Solana currently trades at $85.95 as of April 23, reflecting a 1.10% decline over the past 24 hours. Price action has maintained stability above the 20-day EMA located at $85.31, which has provided consistent support throughout the previous week.

The 50-day EMA positioned at $87.08 continues to serve as the primary resistance barrier. Since March, all daily closing prices have encountered rejection at this threshold or below it. The upper Bollinger Band extends to $89.43, while the 100-day EMA tracks further above at $96.63.
Should support fail, a daily close beneath the 20-day EMA would activate the middle Bollinger Band at $84.63 as the subsequent support target. Further downside would engage the lower Bollinger Band at $79.84, with the February low anchored near $67 representing a deeper support foundation.
The daily timeframe displays a breakout above a descending trendline that constrained price action throughout late 2025 and into early 2026. Technical analysis shared by CryptoCurb on X illustrates the breakout materializing after multiple rejection attempts, including episodes during the Binance flash crash and Iran conflict escalation.
Price currently hovers near the breakout region, maintaining position above the previously restrictive trendline. This represents a structural evolution in market behavior. The technical pattern gains credibility when buyers defend this zone and transform the broken trendline into reliable support.
Institutional Capital Accelerates
Nick Ducoff, a Solana ecosystem executive, highlighted that real-world asset tokenization on the network expanded from $170 million to $2 billion across just twelve months—representing approximately a 12-fold increase.
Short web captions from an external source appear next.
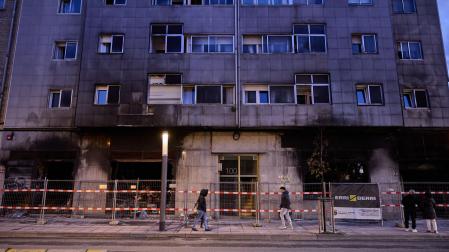 Imagen del portal 100 de la calle Marcelo Celayeta poco después del incendio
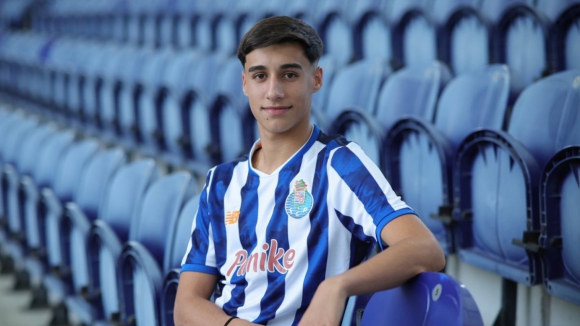 FC Porto (Sub-17): Guilherme Carvalho assina contrato profissional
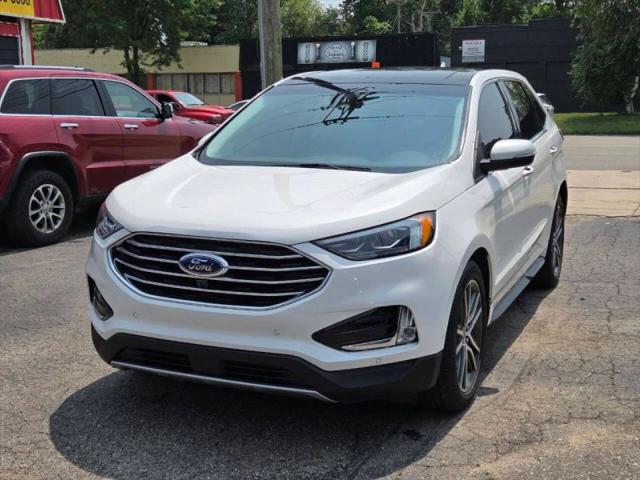 2019 Ford Edge Titanium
Institutional participants cite three primary drivers: consistent network performance, access to 80–100 million active wallets for distribution channels, and $17 billion in stablecoins already deployed on-chain.
Solana spot ETF cumulative inflows have surpassed $1 billion for the first time. Total net assets currently measure $887.92 million, equivalent to 1.77% of Solana’s market capitalization. Weekly ETF inflows registered $35.17 million last week. While April 22 showed zero daily inflow activity, the three preceding trading days accumulated $31.32 million in combined inflows.
Weekly Timeframe Targets $120–$125 Region
Analysis from Rendoshi AI on X examining the weekly chart shows Solana testing a descending trendline after defending support near the $75–$80 range. The RSI indicator has rebounded from proximity to oversold territory, suggesting momentum improvement, though this alone lacks confirmation power for a definitive breakout.

A sustained break and hold above the weekly downtrend line would activate the $120–$125 zone as the subsequent major resistance target. Failure to maintain elevation would confine SOL to range-bound behavior above the $75–$80 support foundation without establishing a clear recovery trajectory.
The 2-hour timeframe shows Solana progressing within an ascending channel structure that originated from the April 2 low near $78. The RSI indicator generated a fresh bullish signal at the recent low near $83—mirroring the same pattern that preceded earlier bounce sequences. The MACD indicator remains negative at -0.25, indicating momentum has yet to validate the signal.
The ascending channel’s lower boundary on the 2-hour chart at $83–$84 coincides with the daily 20-day EMA, establishing this zone as the critical support area requiring attention heading into April 24.